(Beginning of Records for this task)

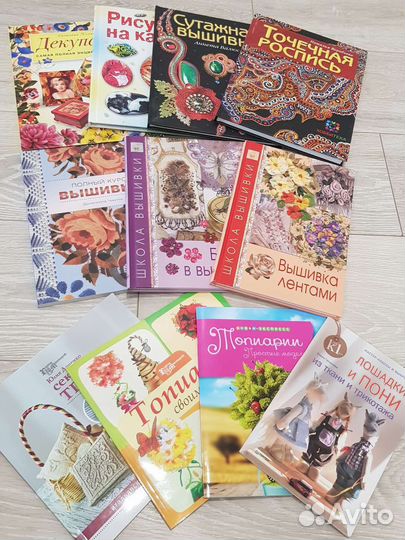 Книги по рукоделию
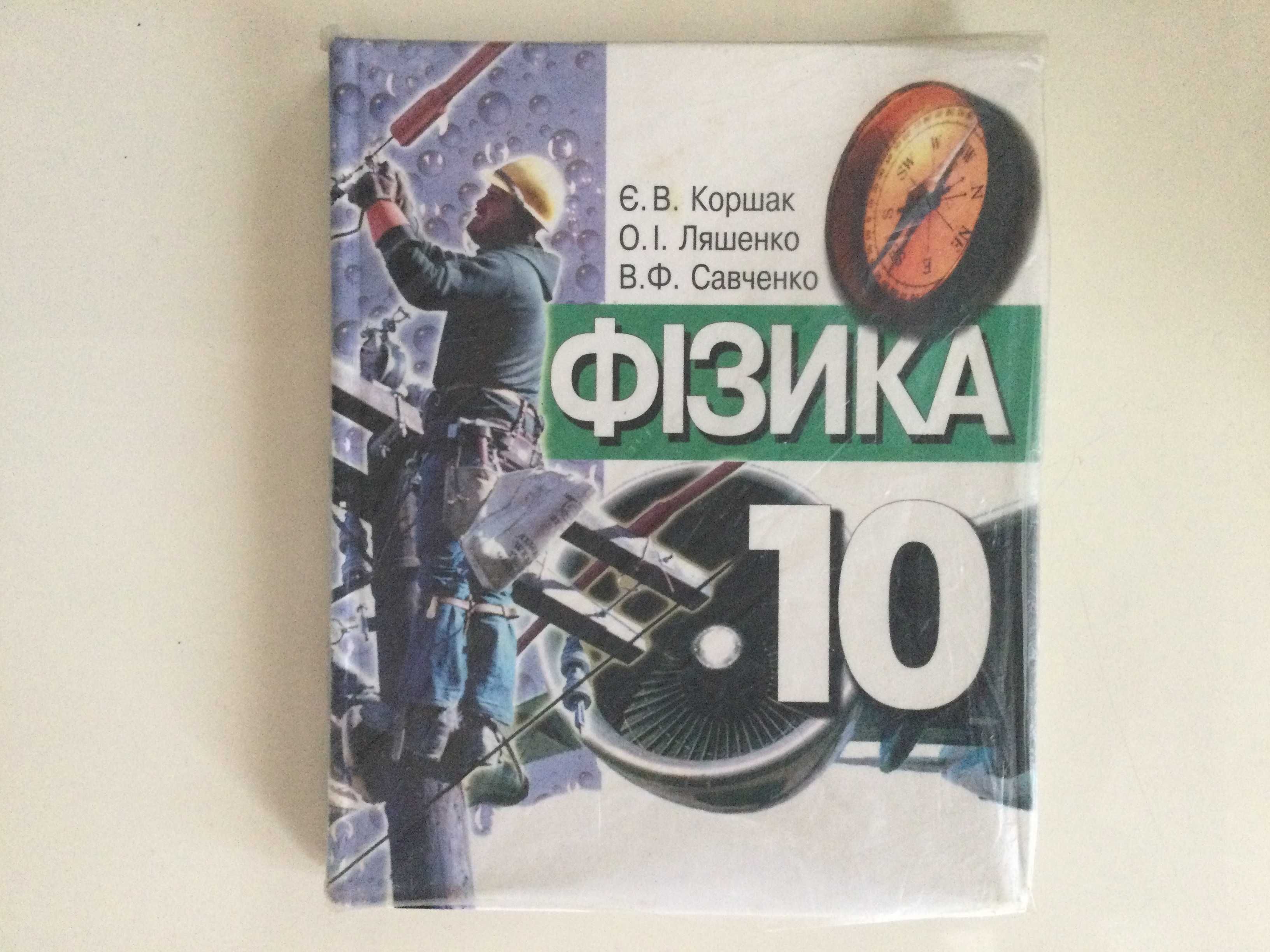 Книга Учебник Физика 10 Класс: 80 Грн. - Книги / Журналы Чернигов.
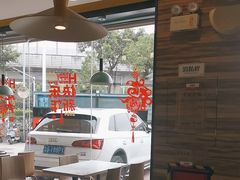 -真功夫(福永桥头店)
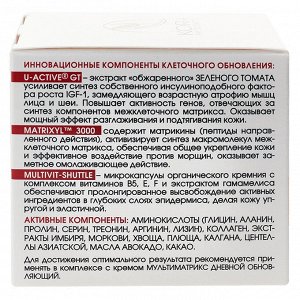 KORA Крем Мультиматрикс ночной обновляющий 50 мл Кора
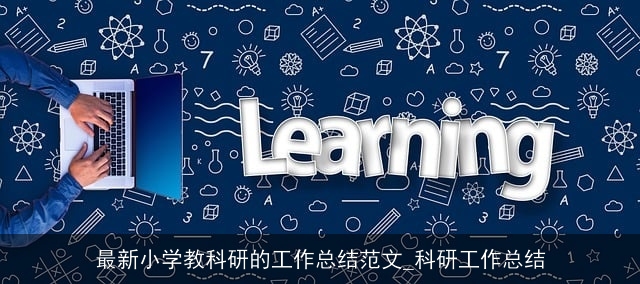 最新小学教科研的工作总结范文_科研工作总结 最新小学教科研的工作总结范文_科研工作总结
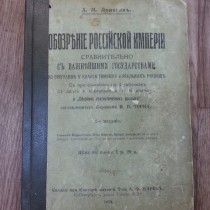 Реставрация книги "Обозрение Российской империи"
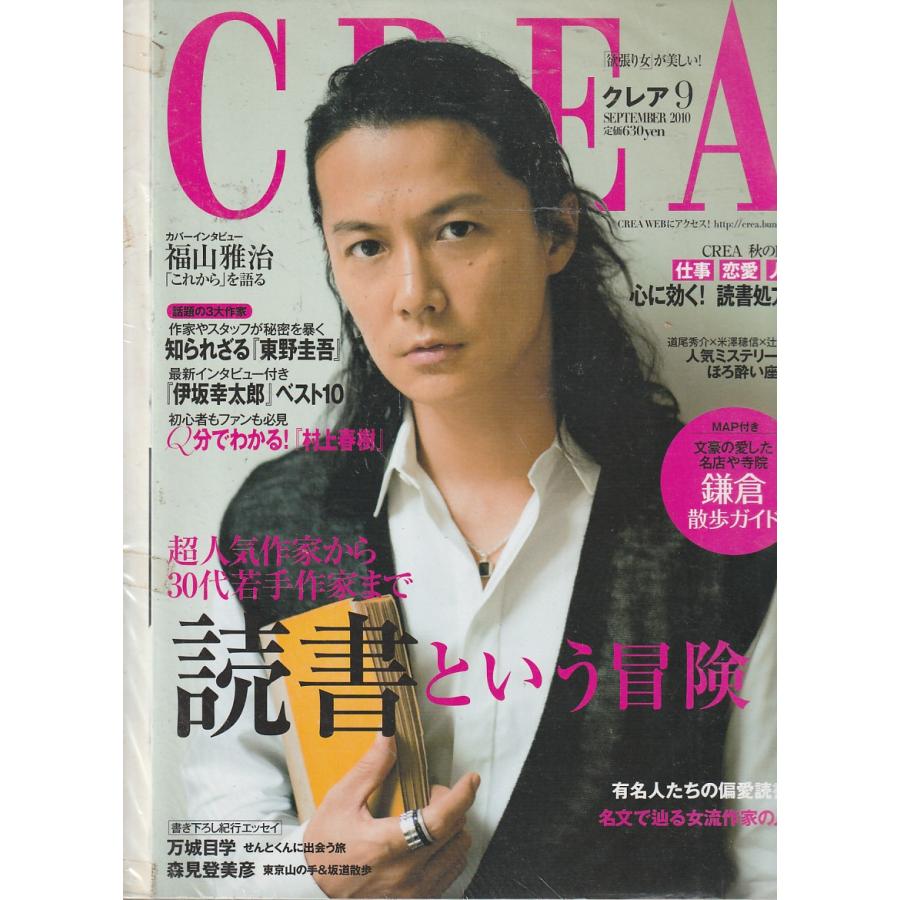 CREA　クレア　2010年9月号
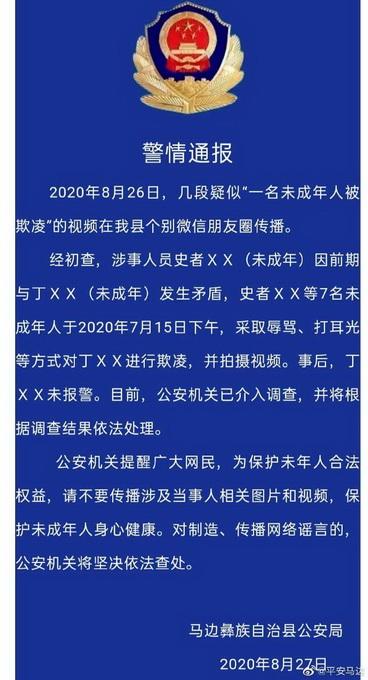 乐山女孩被7名未成年人围殴扇耳光，警方通报：已介入调查-第2张图片-IT新视野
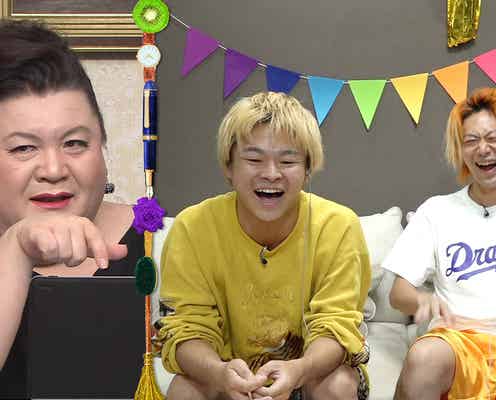 マツコ、人気YouTuber東海オンエアは「憧れ」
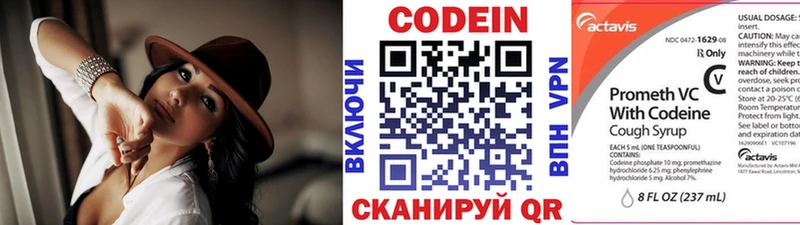 Codein напиток Lean (лин) KRAKEN сайт Североуральск где найти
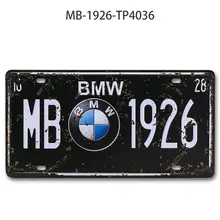 Винтажный дизайн автомобиля металлический номерной знак винтажный домашний декор жестяная вывеска Бар Паб декоративный металлический знак для гаража металлическая живопись табличка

(End of Records for this task)

- **What you are asked to do**
Nothing but the lines from the one holding "乐山女孩被7名未成年人围殴扇耳光，警方通报：已介入调查-第2张图片-IT新视野" through the final line of the records above belongs in the answer, each retyped exactly; omit the pictures.

- **Solution to this exercise**
 乐山女孩被7名未成年人围殴扇耳光，警方通报：已介入调查-第2张图片-IT新视野
 マツコ、人気YouTuber東海オンエアは「憧れ」
 Codein напиток Lean (лин) KRAKEN сайт Североуральск где найти
 Винтажный дизайн автомобиля металлический номерной знак винтажный домашний декор жестяная вывеска Бар Паб декоративный металлический знак для гаража металлическая живопись табличка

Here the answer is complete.